- **Records provided**:
━━━━━━━━
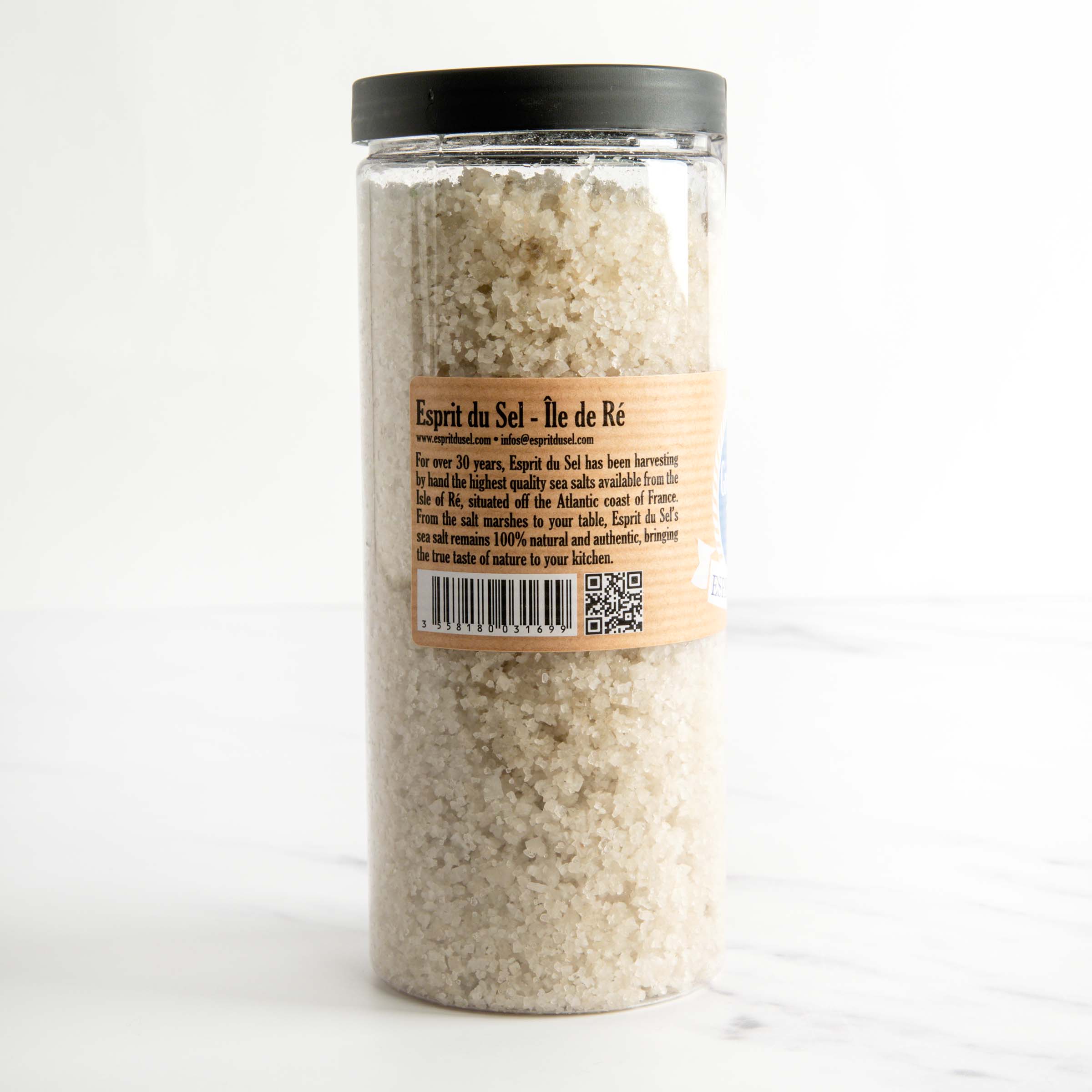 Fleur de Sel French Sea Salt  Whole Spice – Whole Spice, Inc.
━━━━━━━━
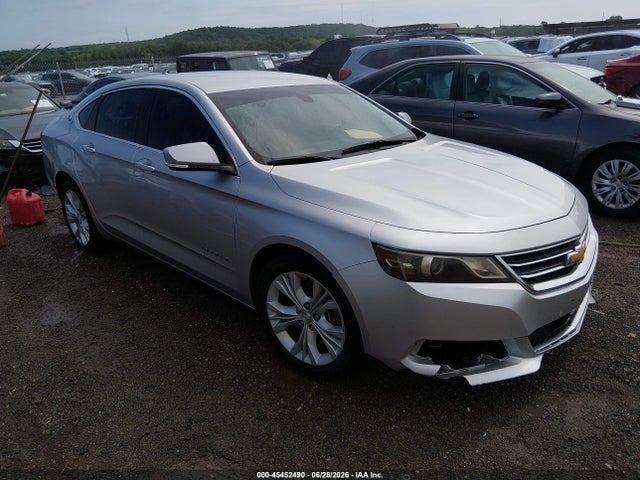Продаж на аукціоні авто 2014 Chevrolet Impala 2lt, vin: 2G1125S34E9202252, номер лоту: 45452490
━━━━━━━━
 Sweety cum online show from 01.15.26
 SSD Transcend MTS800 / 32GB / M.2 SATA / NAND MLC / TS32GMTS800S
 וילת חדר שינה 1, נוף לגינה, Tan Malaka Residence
━━━━━━━━
- **Exercise goal**:
Give back exactly the lines above, from the line containing "Sweety cum online show from 01.15.26" through the line containing "וילת חדר שינה", with both end lines and nothing more.

- **Result for this exercise**:
 Sweety cum online show from 01.15.26
 SSD Transcend MTS800 / 32GB / M.2 SATA / NAND MLC / TS32GMTS800S
 וילת חדר שינה 1, נוף לגינה, Tan Malaka Residence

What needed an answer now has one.